1
votes

I'm currently trying to use the ARM CMSIS DSP library on my cortex m3 PSoC 5lp chip.
I ran into some issues using some of the functions and I have a question about using the functions arm_cfft_q15 (or any of the arm_cfft_*** functions).

Say I have

    q15_t ADC_samples[1024];
    q15_t MAG_of_fft[1024];

and I run

    arm_cfft_q15(1024pt_fft, ADC_samples, sample_length);

this does the transforms 'in place'. Now because of that, since the FFT returns both real and imaginary values, it will in fact only be able to return an fft of length 512 or is it 512 of the 1024 FFT samples? After getting the FFT I do

    arm_cmplx_mag_q15(ADC_samples, MAG_of_fft, fftlength);

where fftlength is 1024.

This returns MAG_of_fft and when I plot it, it does indeed seem to be the shape that I am expecting to see but I do not know exactly how to interpret the results since I don't know how long my FFT is exactly. I am telling it I am doing a 1024pt FFT but it seems to be only returning a 512pt FFT, or only half of the 1024pt FFT, one or the other.

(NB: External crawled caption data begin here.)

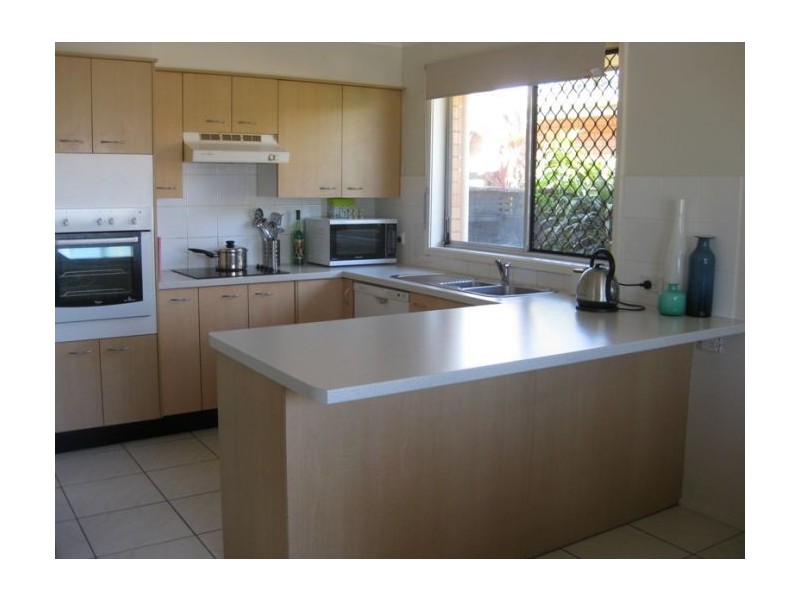 23 St Andrews Ave, Isle Of Capri QLD 4217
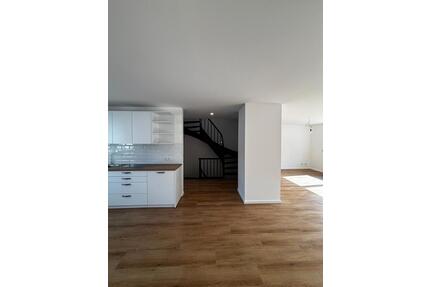 Grundsanierte Doppelhaushälfte mit 5 Zi. in Mörfelden-Walldorf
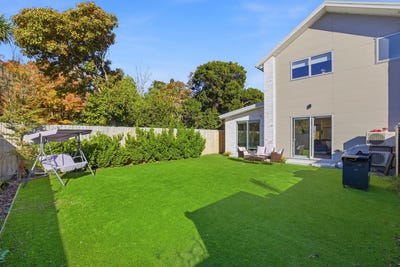 /international/nz/matata-place-dallington-canterbury-380066120880/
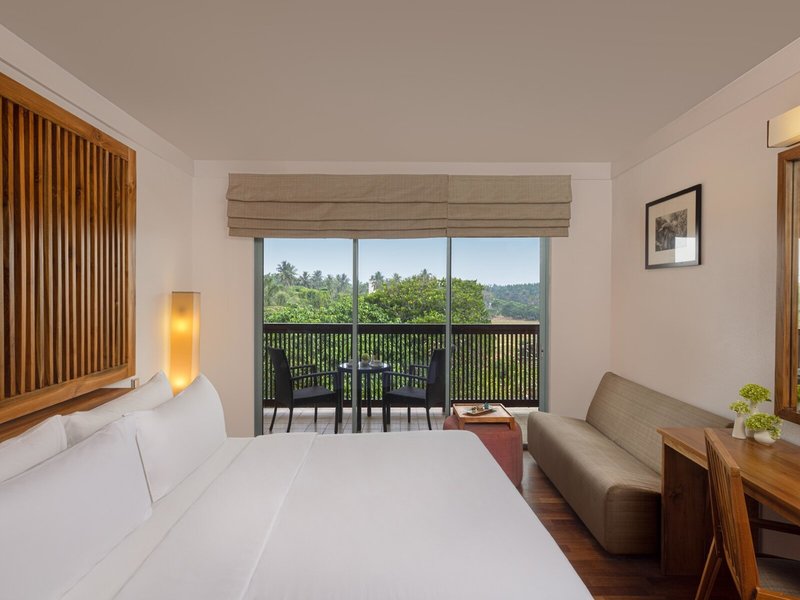 The Eden Resort & Spa 44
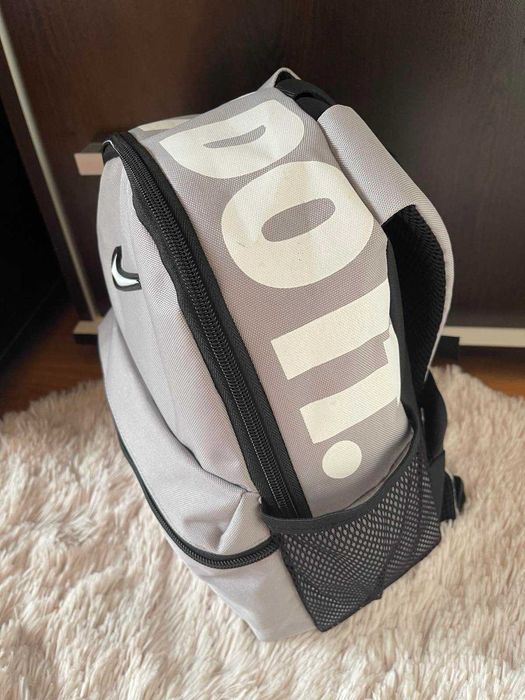 Стилна дамска раница NIKE - НОВА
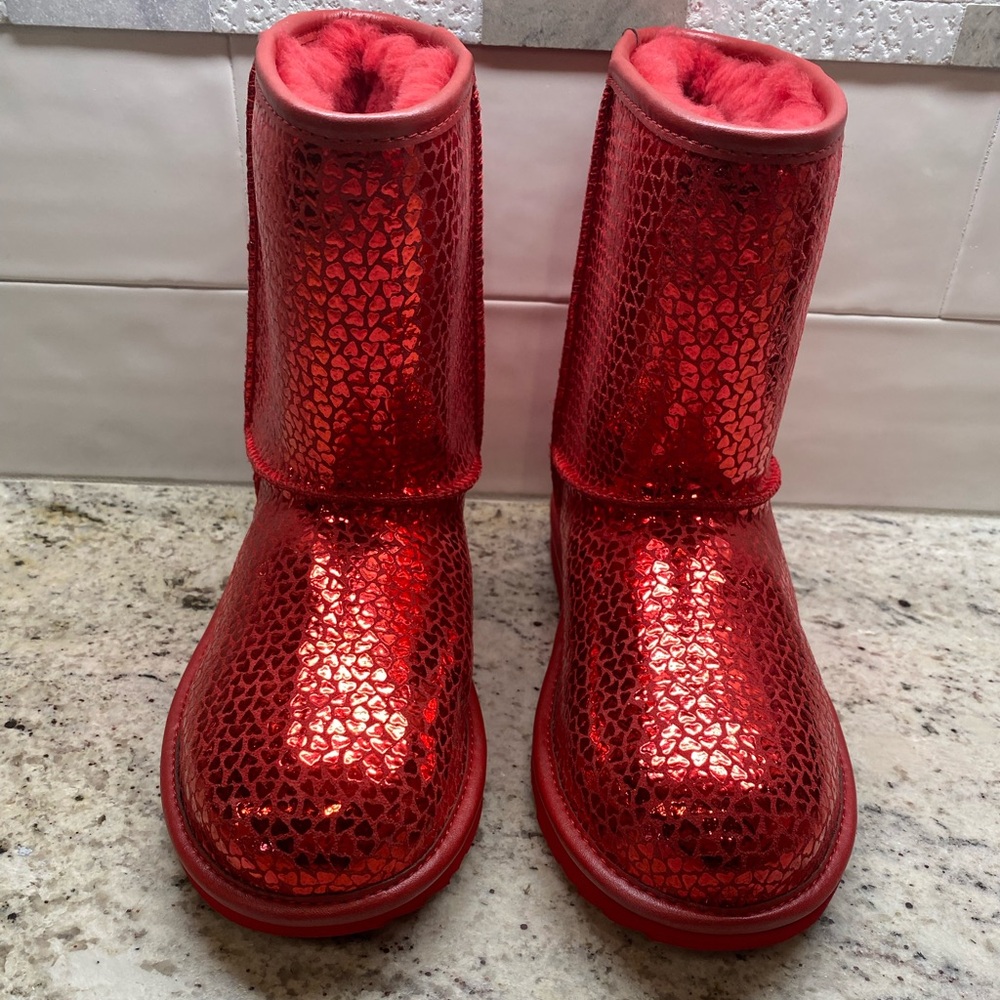 NWT. Kids Girls Ugg Classic Short Il Gel Hearts RED Boots. Size 4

So am I getting this right? This means that the ADC_samples array must be twice as long as the data in it order for me to get a 1024 pt FFT? and then I can calculate the magnitude of the FFT using that 2048 array by telling it the length of the FFT is 1024?

Can someone explain to me how to properly interpret these functions and what length FFT I should expect?

1

1 Answers

1
votes

The arm_cfft family of functions operate on complex valued signals. In other word a 1024-point FFT performed with arm_cfft_q15 requires 1024 complex input samples which are represented by 2048 q15_t values (interleaved real and imaginary parts, as described in the CMSIS DSP Software Library documentation). Upon return the buffer contains 1024 complex values (2048 q15_t values) corresponding to the frequency domain representation of the complex input signal.

So adapting this example to your case, you would compute the FFT with:

q15_t ADC_samples[2048];
arm_cfft_q15(1024pt_fft, ADC_samples, 0, 1);

The subsequent call

q15_t MAG_of_fft[1024];
arm_cmplx_mag_q15(ADC_samples, MAG_of_fft, fftlength);

with fftlength=1024 then reduces the 1024 complex values (2048 q15_t values) in ADC_samples to 1024 real magnitude values (1024 q15_t values), and stores the result in MAG_of_fft.

As as side note, if you are in fact dealing with real valued signals, then you could use the same functions and filling every second index (the imaginary parts) of the ADC_samples buffer with zeros (thus using an ADC_samples buffer that is twice as large as your actual number of real samples). Alternatively, you can use the more efficient arm_rfft family of functions (described in this section of the documentation).